Batch GPU Transforms #39

Closed mogwai closed 4 years ago

mogwai commented 4 years ago

The BaseWaveTransformations currently don't except a batch of audio in the forward as they think that a batch of audio is multi_channel audio. I can submit a PR or is there some design decision here that I'm missing?

iver56 commented 4 years ago

All input tensors are assumed to be three-dimensional at the moment. I.e. (batch_size, num_channels, num_samples). Did this help? Should it be better documented? I'm thinking of removing support for two-dimensional tensors btw. How do you feel about that? In that case, mono audio would be represented as (batch_size, 1, num_samples)
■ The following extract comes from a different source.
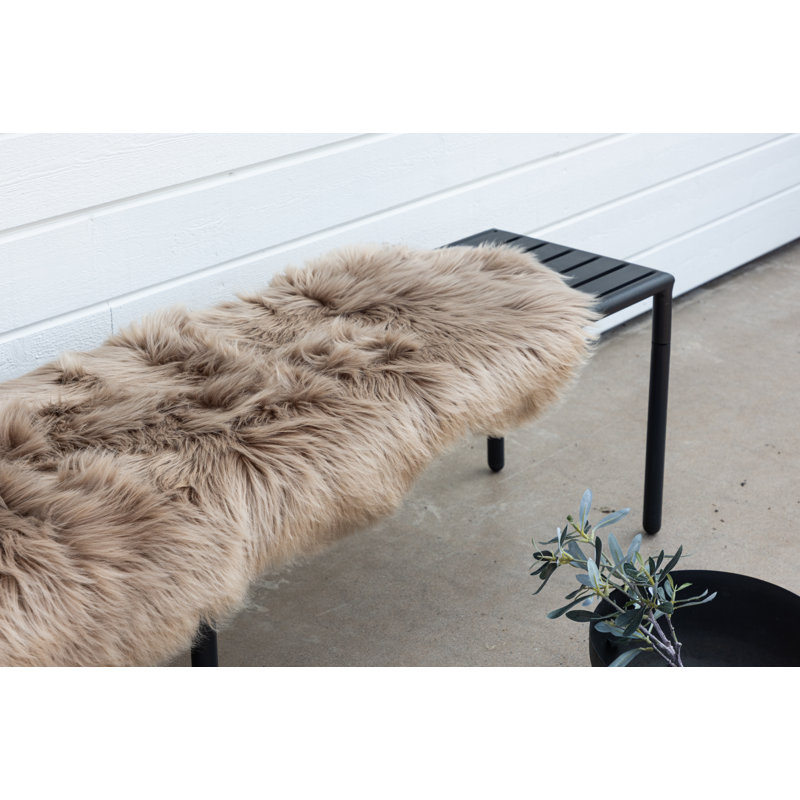 Adone Throw Blanket, Brown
mogwai commented 4 years ago

Interesting, this isn't working though? Am I supposed to wrap the augmentations somewhere else?

import torchaudio
from torch_audiomentations.augmentations.gain import Gain
wave,sr = torchaudio.load("./tests/data/dev01.wav")
# Create a batch of 32
wave = wave[None].repeat(32,1,1)
print(wave.shape)
# [32,1,410001]
res = Gain()(wave, sr)

iver56 commented 4 years ago

Interesting. How does it fail? With an error message? Or is the output not as expected?

mogwai commented 4 years ago

My mistake, this is only the case for BackgroundNoise and AddImpulseResponse

iver56 commented 4 years ago

Yeah, I haven't really finished and released those two yet. I'll get to it

mogwai commented 4 years ago

Fair enough :)

mogwai commented 4 years ago

So I have to set support_multichannel = True to support batches?
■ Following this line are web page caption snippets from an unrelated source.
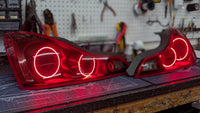 2008-2013 Infiniti G37 Coupe Stage 3 Custom Tail Lights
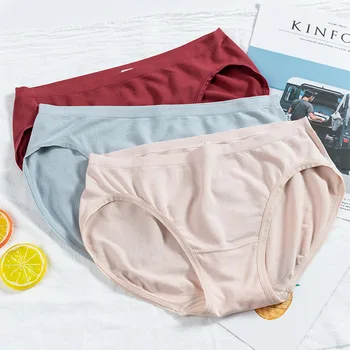 

Women briefs Summer underwear women thong Low waist women panties plus size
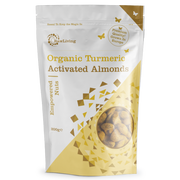 Turmeric Almonds - Activated & Organic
iver56 commented 4 years ago

AddBackgroundNoise and AddImpulseResponse should support batches, but I don't think they support multichannel audio yet.

I think they expect 2D tensors like (batch_size, num_samples) for now

mogwai commented 4 years ago

If I was creating a new BaseWaveTransform, e.g. Reverb, I'd have to set support_multichannel = True to make it work?

iver56 commented 4 years ago

Yes. I might rework that later though